TASK TO CARRY OUT: Leaving out every picture, please repeat exactly the line that contains "Dubai dopušta reprezentaciji" and each line after it through the final line below.

PROVIDED DATA:

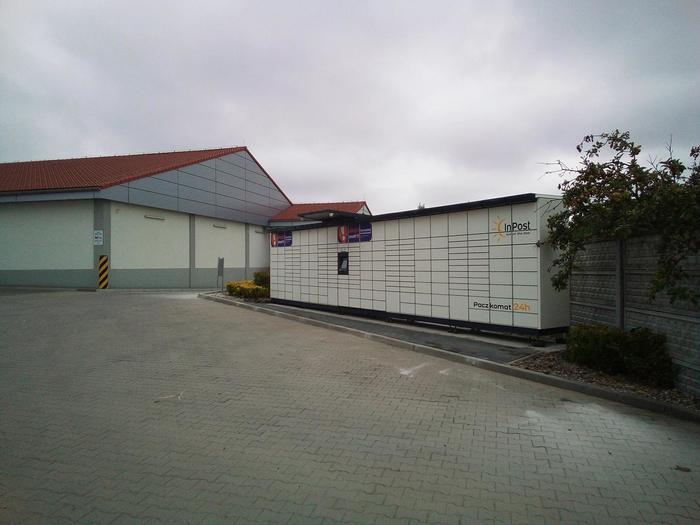 Przykładowa reklama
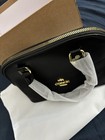 sac bandoulière coach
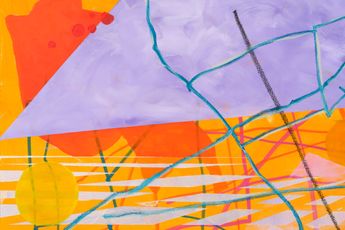 Cynthia Hawkins contemporary artist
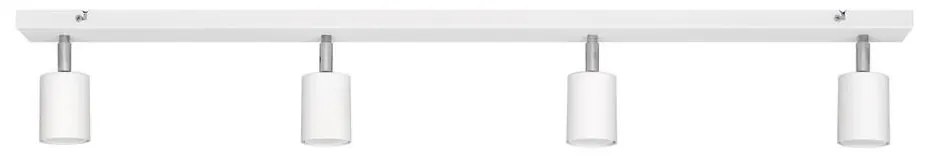 LED Luce Spot a LED TUNE 4xGU10/4,8W/230V bianco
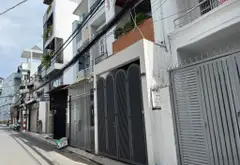 Cơ hội vàng sở hữu nhà mặt phố hẻm xe hơi, cho thuê dòng tiền ổn định tại thành phố... Bán nhà mặt phố tại Tân Bình, Hồ Chí Minh 10
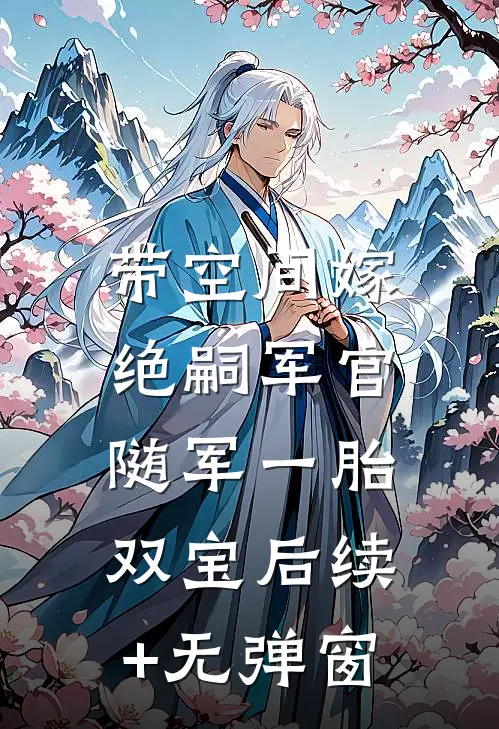 带空间嫁绝嗣军官，随军一胎双宝后续+无弹窗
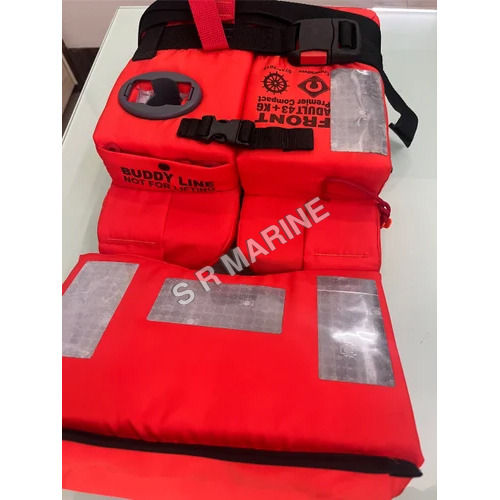 Life Jacket With Light Original Product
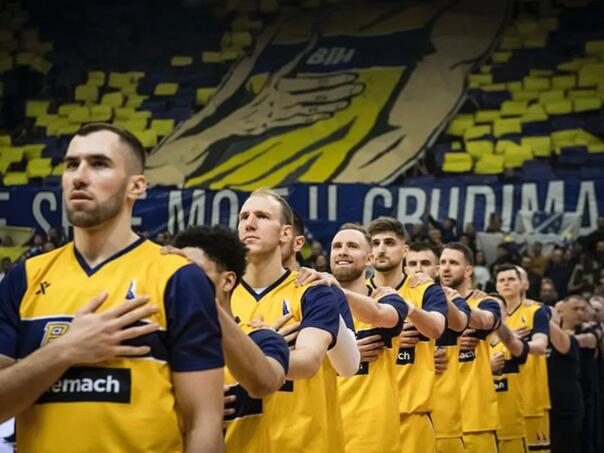 Dubai dopušta reprezentaciji Srbije, ali ne i BiH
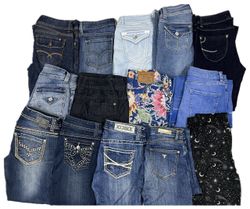Y2K Jeans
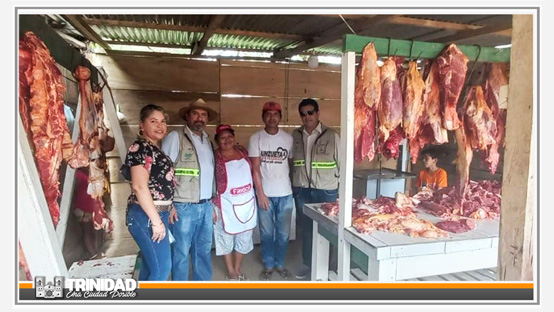 CAMPAÑA “ELIMINEMOS LAS CUNETAS”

EXPECTED ANSWER:
 Dubai dopušta reprezentaciji Srbije, ali ne i BiH
Y2K Jeans
 CAMPAÑA “ELIMINEMOS LAS CUNETAS”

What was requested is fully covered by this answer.